The annotation process blends automated failure detection (candidate anomaly proposal) with human confirmation, mapping and refinement through LLM-assisted QA item generation. Model performance is quantified by model answers on these validated QAs using the aforementioned scoring formulae (Zhou et al., 31 Jan 2026).
4. Model Benchmarking and Comparative Results
Twelve leading proprietary and open-source omni-modal T2AV systems were evaluated on MTAVG-Bench. The following table compares top models on each dimension (all values in percentages):
| Model | VQ | SQ | SC | CC | LS | SA | TT | EA | CA | Avg. |
|---|---|---|---|---|---|---|---|---|---|---|
| Gemini 3 Pro | 70.4 | 55.3 | 53.4 | 41.2 | 52.9 | 68.6 | 60.8 | 58.0 | 50.8 | 56.8 |
| Ola-Omni (7B) | 46.4 | 56.0 | 37.5 | 36.8 | 62.0 | 52.2 | 43.3 | 46.1 | 50.0 | 47.8 |
| Video-LLaMA2 | 48.8 | 50.0 | 48.0 | 45.1 | 47.5 | 50.9 | 39.8 | 45.9 | 51.2 | 47.5 |
Key patterns observed:
- Signal fidelity (VQ, SQ) is consistently strong (≥ 45%) with relatively low variance (≤ 10 points).
- Interaction-level dimensions (SA, TT) exhibit large performance gaps (often >20 points), revealing persistent model weaknesses in assigning "who speaks when."
- Lip-sync (LS) and character consistency (CC) remain challenging: drift rates can exceed 60%.
- Cinematic metrics (EA, CA) are lowest for all systems (<60% for EA, ~50% for CA).
- Typical errors include identity drift (CC), silent lip movement (LS), unprompted utterances (TT), and camera neglect of speaker (CA) (Zhou et al., 31 Jan 2026).
5. Evaluation Methodology and Best Practices
The recommended MTAVG-Bench protocol for T2AV evaluation consists of:
- Application of the complete four-level diagnostic taxonomy for comprehensive model assessment.
- Supplying both the original generation prompt and synthesized clip to all evaluators; prompt–output misalignment can significantly degrade scores (ablation study–5 points CC/CA penalty).
- Reporting both per-dimension and overall scores to expose specific system weaknesses.
- Adhering to the provided QA item templates (single-choice, multi-choice, pairwise) and scoring formulae for robust replicability.
- Blending automated and expert-validated annotation to ensure accuracy and fine-grained coverage.

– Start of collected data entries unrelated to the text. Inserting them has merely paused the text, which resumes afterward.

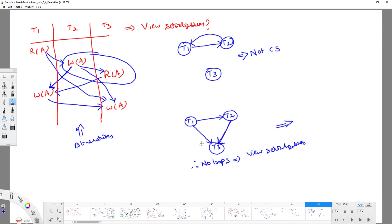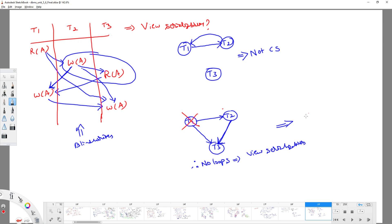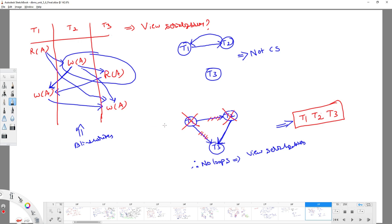As it is view serializable, we can write the equivalent serial schedule using topological sort. T2 is the independent node (no incoming edges), so T2 goes first. Remove T2, then T1 becomes independent. T1 goes second. Finally T3 remains. The equivalent serial schedule is T2, T1, T3. This is equivalent to the given non-serial schedule.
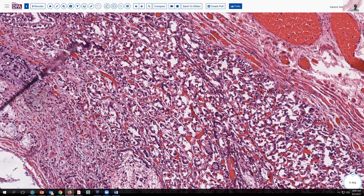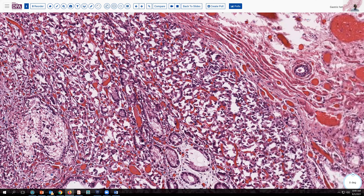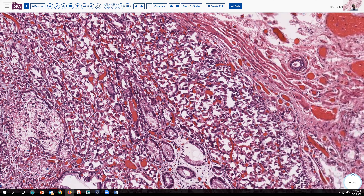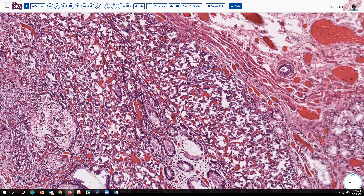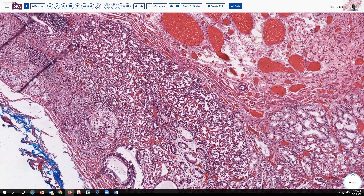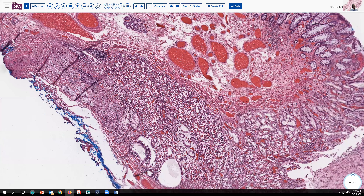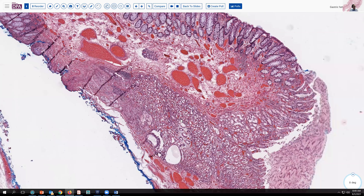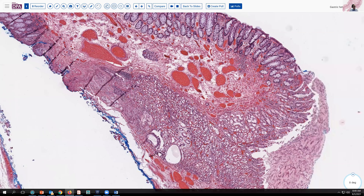Additional sections also showed this quite clearly, despite some cautery artifact. So this is an example, then, of ectopic gastric-type mucosa occurring in the colon.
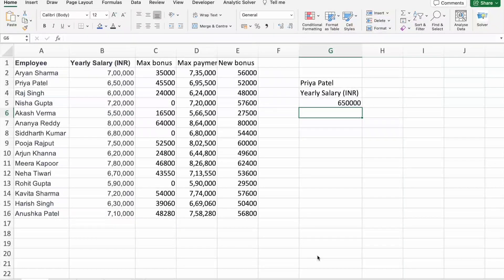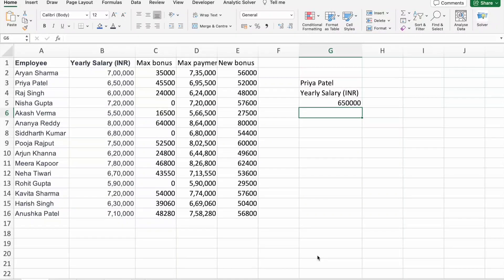Hi everyone, how are you all? I hope you all are doing great. My name is Narendar and welcome back to B10X. Today's video is going to be a game changer for anyone who works with Excel regularly. We'll be diving into the world of building custom lookup tables to enhance the performance of XLOOKUP. B10X has an exclusive workshop on Microsoft Office using AI tools — the link is in the description box below.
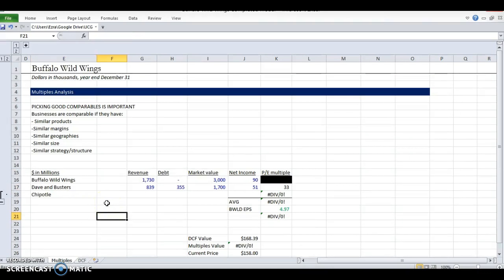So the last step is multiples valuation. There's other types of valuation you can do. There's lots of other things we can do to make sure that our analysis is right, but this is really the fastest way.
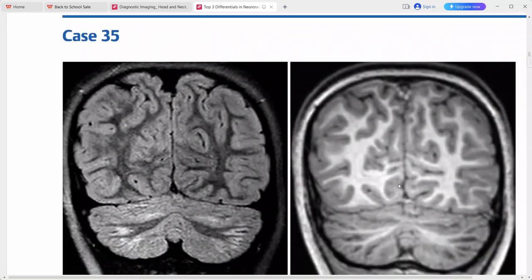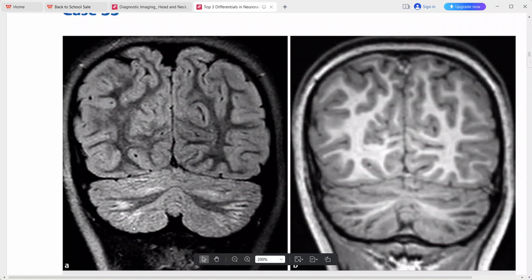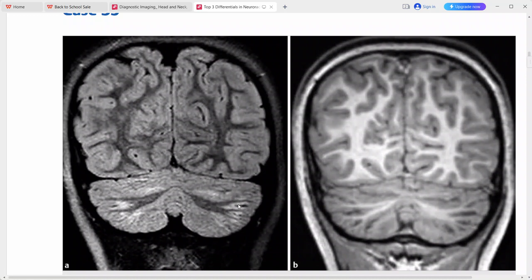This is a case of a ten-year-old boy presenting with new onset ataxia. On the coronal FLAIR sequence there are confluent regions of increased signal intensity showing hypointensity on T1, predominantly involving the subcortical white matter of the cerebellar hemispheres. Post-contrast sequences were not shown but no enhancement was present.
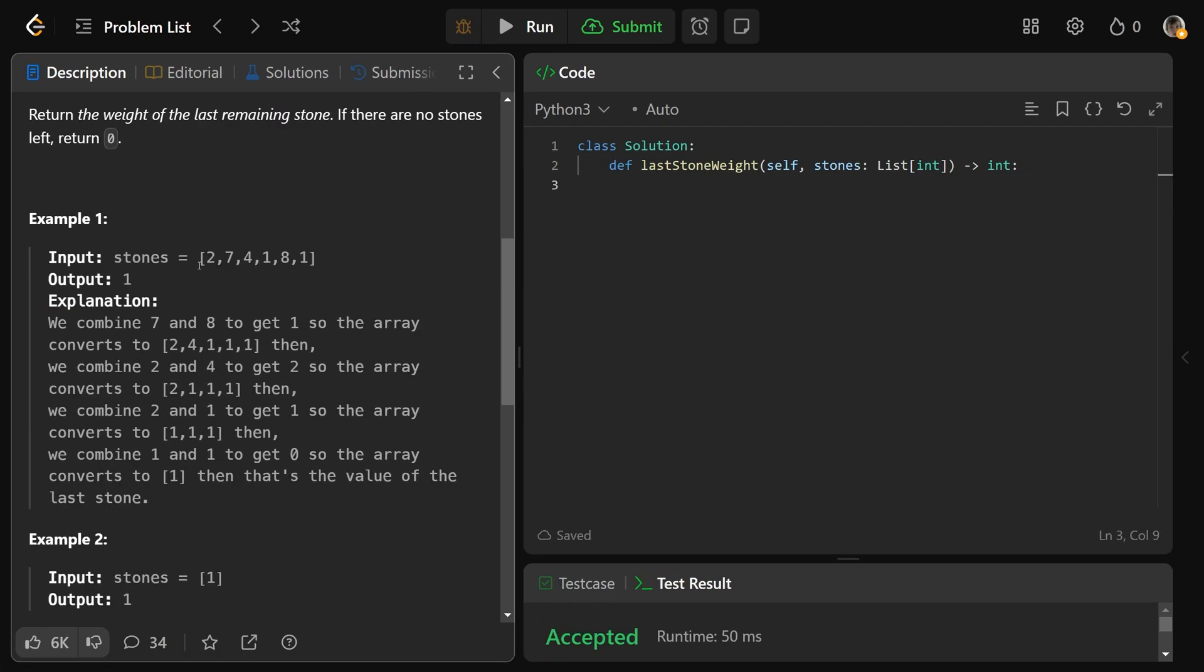So if we have [2, 7, 4, 1, 8, 1], notice that it's not sorted. We take the two biggest stones, which are 7 and 8, and we smack them together. The bigger one is 8, so we'd get left with the difference, which is 1. We would remove 8 and 7 from the array, but we'd put a 1 in there. So now it's [2, 4, 1, 1, 1].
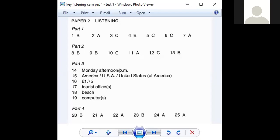Okay, these are the answers. You can compare your answers and tell me how many correct answers you got.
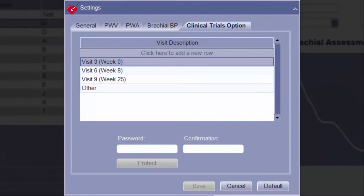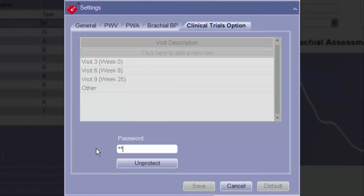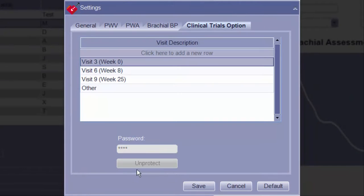The Clinical Trial option also allows the ability to password protect the entire Settings window. To enable, type a password in both the password and confirmation fields and click Protect. No settings can be changed on any tab until the password is re-entered and Unprotect is clicked.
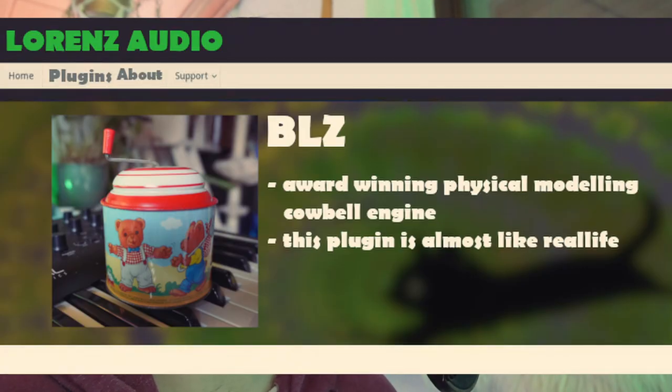It's not entirely clear why it happens. Likely it is part of the award-winning physical modeling cowbell engine. The website says this plugin is almost like real life, so it must be true.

A significant implication is that low-level signal quality can mask critical high-level failures (such as incorrect speaker attribution or turn-taking flaws), necessitating a holistic metric profile in published comparisons (Zhou et al., 31 Jan 2026).
6. Limitations and Prospects for Benchmark Extension
Current limitations of MTAVG-Bench include:
- Evaluator OOD: Many vision-LLMs were not trained on the fine-grained lip-sync and time-alignment discrepancies present in T2AV generations; future work can fine-tune evaluation modules with MTAVG-Bench.

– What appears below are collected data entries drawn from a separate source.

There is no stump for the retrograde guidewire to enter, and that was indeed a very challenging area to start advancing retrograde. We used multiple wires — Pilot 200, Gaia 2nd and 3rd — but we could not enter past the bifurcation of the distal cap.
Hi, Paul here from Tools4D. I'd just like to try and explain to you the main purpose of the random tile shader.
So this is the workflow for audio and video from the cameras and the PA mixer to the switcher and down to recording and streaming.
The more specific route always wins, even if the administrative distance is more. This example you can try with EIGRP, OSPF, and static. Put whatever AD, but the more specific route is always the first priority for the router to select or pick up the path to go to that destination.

- Imbalanced error prevalence: Lip-sync (LS) and turn-taking (TT) dominate the dataset; targeted prompt engineering in future releases could achieve more uniform coverage.
- Modal diversity: Present coverage is limited to English dialogues, standard accents, and single-scene clips under 15 seconds; future updates may integrate diverse languages, accents, crowd scenes, and longer/complex multi-shot narratives.
- Automation: Improving off-the-shelf metric proxies for automatic annotation (e.g., lip-sync detectors) may further reduce curation burden.
MTAVG-Bench serves as a foundational diagnostic framework for testing and refining multi-speaker, dialogue-driven T2AV models, enabling rigorous, failure-centric analysis and benchmarking for the evolving landscape of generative audio-visual research (Zhou et al., 31 Jan 2026).